2. In order for God to bring men to maturity he has to intervene among the nations (Judges 2:22). This points out that God used the Canaanite nations to test whether the Israelites would keep the way of the Lord. “The Lord was grieved that he had made man on the earth and his heart was filled with pain” (Ge 6:6). It hurt God to watch man become evil – the opposite of God’s nature. The opposite of what God had intended for man.
It would have been unloving for a God of love to watch his creation be devoured by sin. God had to either destroy man all together or work among man’s affairs to redeem him from sin. This highlights God character and urges us to want to know more about Him.


It is true that the justice of God eludes human comprehension, as in the case of Abraham concerning the destruction of Sodom & Gomorrah. This is because God’s ways are higher than man’s ways (Is 55:9) and therefore it is necessary that God intervene if true justice is to bless the earth.

1. The abuse of power. “Power corrupts. Absolute power corrupts absolutely.” The result is oppression of others (c.f. Assyria). This was not God’s plan. In his laws we see many commands requiring that we judge rightly and without partiality (Lev 19:11-18), that we help the weak rather than run over them or take advantage of them (Ex 22:23-24). Yahweh’s just nature cannot remain indifferent to those crying out to him because of ill-treatment. “For the Lord is a God of justice, Blessed are all who wait for Him!” (Is 30:18). God is the champion of those who are victimized by power and acts to put down the mighty and exalt those of low degree as affirmed in Mary’s Magnificant (Luke 1:46-55). Why is a champion for the victimized necessary? Because God has determined that those who rule will rule with in righteousness and justice (Is 32:1)

2. Fairness to the righteous –Even if only a few chose to be faithful to God, love requires that some help is given to them in going against the current of the unrighteous. (c.f. Shadrach, Meshach and Abednego are saved from the furnace for being faithful to God, Dan 3:16-18). If none was given, a pagan nation would conclude there is no God in heaven and that living righteously has no reward.
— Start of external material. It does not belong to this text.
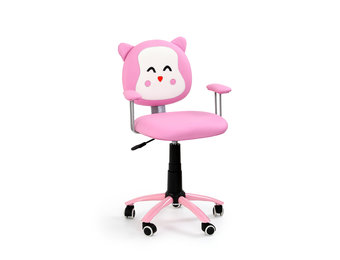 KITTY - kinder bureaustoel - eco leer - 54x76-86x49 cm - roze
3. God hates evil and wickedness – Unlike man who tolerates or is indifferent to evil, Yahweh is holy and hates wickedness. In the book of Daniel God punishes for his arrogance and has him live as an insane person with the beasts of the field (Dan 4:33).  God does this “so that the living may know that the Most High is sovereign over the kingdoms of men and gives them to anyone he wishes and sets the lowliest of men (Dan 4:17). It seems God has determined to be involved with nations to control man’s incessant arrogance. The tendency to think that by our own strength and genius we have achieved and acquired what we have is not true. God will not have his blessings taken for granted by man’s self-centeredness. It is only right that God is on the throne and regarded so, not man.  “The Lord will cause men to hear his majestic voice,” (Is 30:30)
Without God’s intervention the powerful ungodly can quickly bring all of man down to destruction. Whereas with God’s involvement, there will be a remnant of mankind that will find peace with God and become God’s house in eternity.